* _What you have to do_:
From the material below, reproduce exactly the stretch of lines that begins with the line holding "Cadru de pat" and ends with the line holding "Galaxy by Harvic", skipping the pictures.

* _Working data_:
--*--
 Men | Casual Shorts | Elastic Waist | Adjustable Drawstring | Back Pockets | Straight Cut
--*--
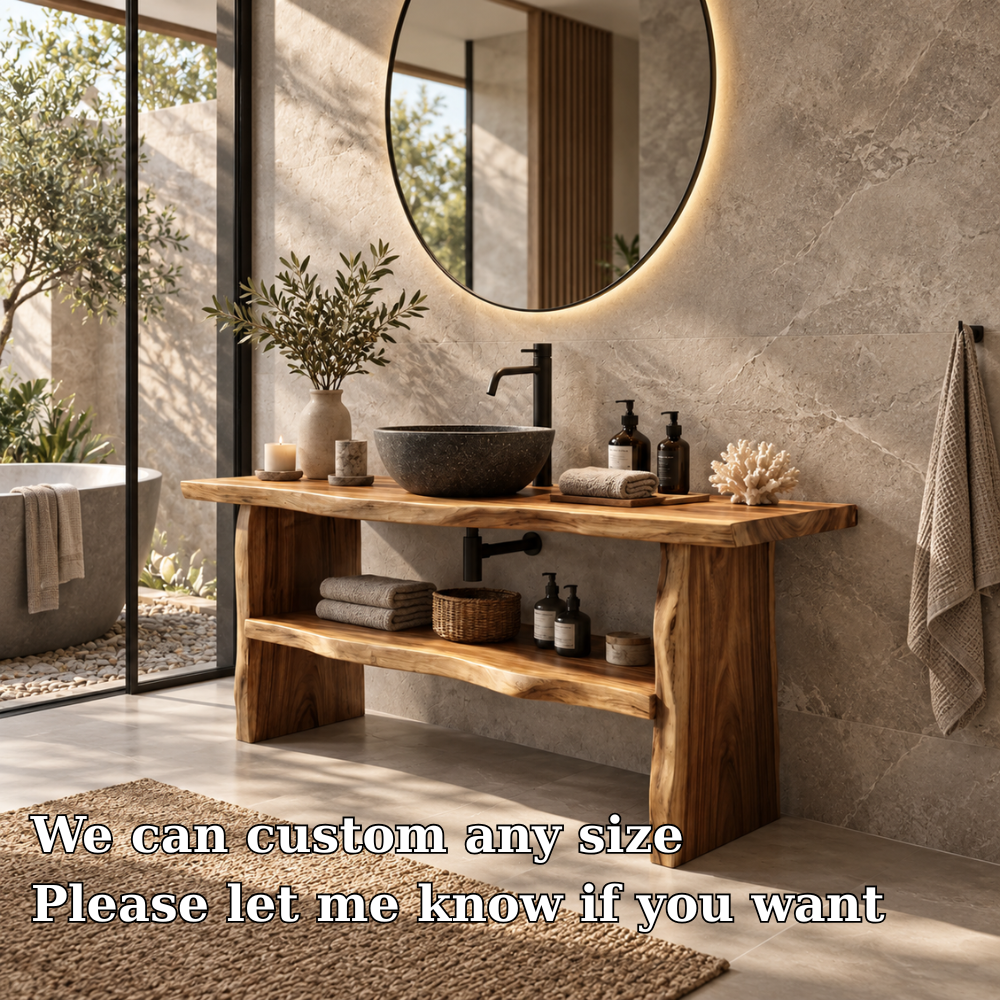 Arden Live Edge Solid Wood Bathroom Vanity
--*--
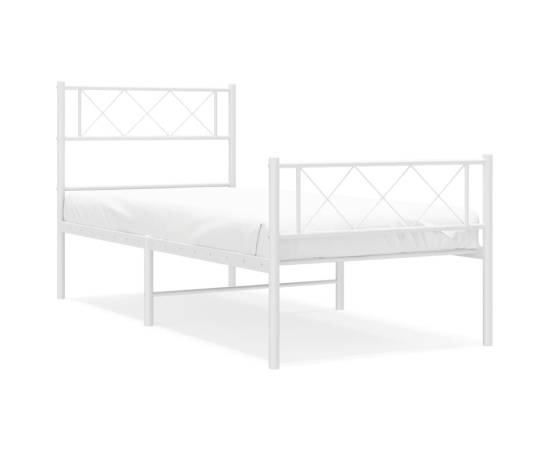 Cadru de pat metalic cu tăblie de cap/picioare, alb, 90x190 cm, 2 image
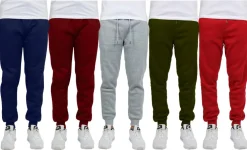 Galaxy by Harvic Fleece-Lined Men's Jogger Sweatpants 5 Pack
--*--
* _Answer box_:
 Cadru de pat metalic cu tăblie de cap/picioare, alb, 90x190 cm, 2 image
 Galaxy by Harvic Fleece-Lined Men's Jogger Sweatpants 5 Pack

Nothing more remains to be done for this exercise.